[LISTED RECORDS]

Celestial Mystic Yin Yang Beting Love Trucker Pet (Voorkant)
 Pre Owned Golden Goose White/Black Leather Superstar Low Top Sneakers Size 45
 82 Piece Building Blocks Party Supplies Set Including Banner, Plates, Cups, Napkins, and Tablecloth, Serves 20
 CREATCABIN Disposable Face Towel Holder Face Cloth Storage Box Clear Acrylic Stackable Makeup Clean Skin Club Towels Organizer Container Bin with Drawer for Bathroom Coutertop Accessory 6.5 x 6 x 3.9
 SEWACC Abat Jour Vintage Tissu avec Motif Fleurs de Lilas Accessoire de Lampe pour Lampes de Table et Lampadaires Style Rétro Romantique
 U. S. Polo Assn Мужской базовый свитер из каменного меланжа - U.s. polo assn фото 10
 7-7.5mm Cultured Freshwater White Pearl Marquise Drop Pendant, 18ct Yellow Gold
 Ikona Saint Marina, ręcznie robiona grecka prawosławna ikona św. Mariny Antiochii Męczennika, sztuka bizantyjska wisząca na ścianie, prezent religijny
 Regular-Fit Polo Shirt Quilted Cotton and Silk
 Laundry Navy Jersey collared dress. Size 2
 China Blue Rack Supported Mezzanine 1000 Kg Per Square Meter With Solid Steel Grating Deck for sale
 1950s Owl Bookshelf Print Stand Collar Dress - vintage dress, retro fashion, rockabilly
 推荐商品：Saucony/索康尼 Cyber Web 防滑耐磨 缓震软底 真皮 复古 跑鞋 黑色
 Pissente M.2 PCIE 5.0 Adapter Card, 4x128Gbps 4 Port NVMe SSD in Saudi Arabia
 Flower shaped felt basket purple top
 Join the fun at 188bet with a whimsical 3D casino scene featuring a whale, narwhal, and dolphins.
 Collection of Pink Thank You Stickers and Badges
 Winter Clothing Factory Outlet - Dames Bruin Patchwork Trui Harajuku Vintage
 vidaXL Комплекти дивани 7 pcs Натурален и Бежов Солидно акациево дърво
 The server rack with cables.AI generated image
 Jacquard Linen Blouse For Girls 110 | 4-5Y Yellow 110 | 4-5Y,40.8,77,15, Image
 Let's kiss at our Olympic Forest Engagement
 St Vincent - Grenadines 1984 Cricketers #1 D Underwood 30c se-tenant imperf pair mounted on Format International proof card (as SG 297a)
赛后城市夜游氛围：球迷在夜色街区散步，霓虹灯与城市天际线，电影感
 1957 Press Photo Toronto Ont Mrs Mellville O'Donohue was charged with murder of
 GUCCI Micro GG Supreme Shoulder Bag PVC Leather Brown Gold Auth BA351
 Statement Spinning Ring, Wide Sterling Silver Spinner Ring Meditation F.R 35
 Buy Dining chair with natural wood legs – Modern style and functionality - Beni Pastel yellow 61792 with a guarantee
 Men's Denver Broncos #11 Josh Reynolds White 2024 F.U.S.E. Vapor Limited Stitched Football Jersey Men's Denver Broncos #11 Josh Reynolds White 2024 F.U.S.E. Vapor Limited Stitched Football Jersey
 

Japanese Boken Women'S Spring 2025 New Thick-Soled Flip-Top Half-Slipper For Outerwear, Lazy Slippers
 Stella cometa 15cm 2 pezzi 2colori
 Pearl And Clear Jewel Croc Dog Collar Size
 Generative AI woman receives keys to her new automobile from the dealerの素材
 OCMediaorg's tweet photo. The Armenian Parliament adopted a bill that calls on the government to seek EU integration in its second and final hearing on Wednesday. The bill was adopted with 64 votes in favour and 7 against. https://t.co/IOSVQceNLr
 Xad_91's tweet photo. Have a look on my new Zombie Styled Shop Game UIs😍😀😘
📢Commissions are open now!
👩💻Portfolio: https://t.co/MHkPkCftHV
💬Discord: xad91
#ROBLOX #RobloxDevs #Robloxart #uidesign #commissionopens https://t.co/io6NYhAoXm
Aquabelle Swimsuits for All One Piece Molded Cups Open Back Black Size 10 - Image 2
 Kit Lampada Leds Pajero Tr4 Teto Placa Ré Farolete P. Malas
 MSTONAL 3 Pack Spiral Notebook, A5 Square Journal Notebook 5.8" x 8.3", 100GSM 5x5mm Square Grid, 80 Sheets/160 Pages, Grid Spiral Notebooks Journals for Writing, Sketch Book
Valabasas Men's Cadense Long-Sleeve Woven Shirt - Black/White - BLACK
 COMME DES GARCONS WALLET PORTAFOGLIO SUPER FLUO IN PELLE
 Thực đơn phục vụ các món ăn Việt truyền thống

[/LISTED RECORDS]

• **TASK PROMPT**
Return the lines of the records that include the string "Pearl".

• **COMPLETED TASK**
 7-7.5mm Cultured Freshwater White Pearl Marquise Drop Pendant, 18ct Yellow Gold
 Pearl And Clear Jewel Croc Dog Collar Size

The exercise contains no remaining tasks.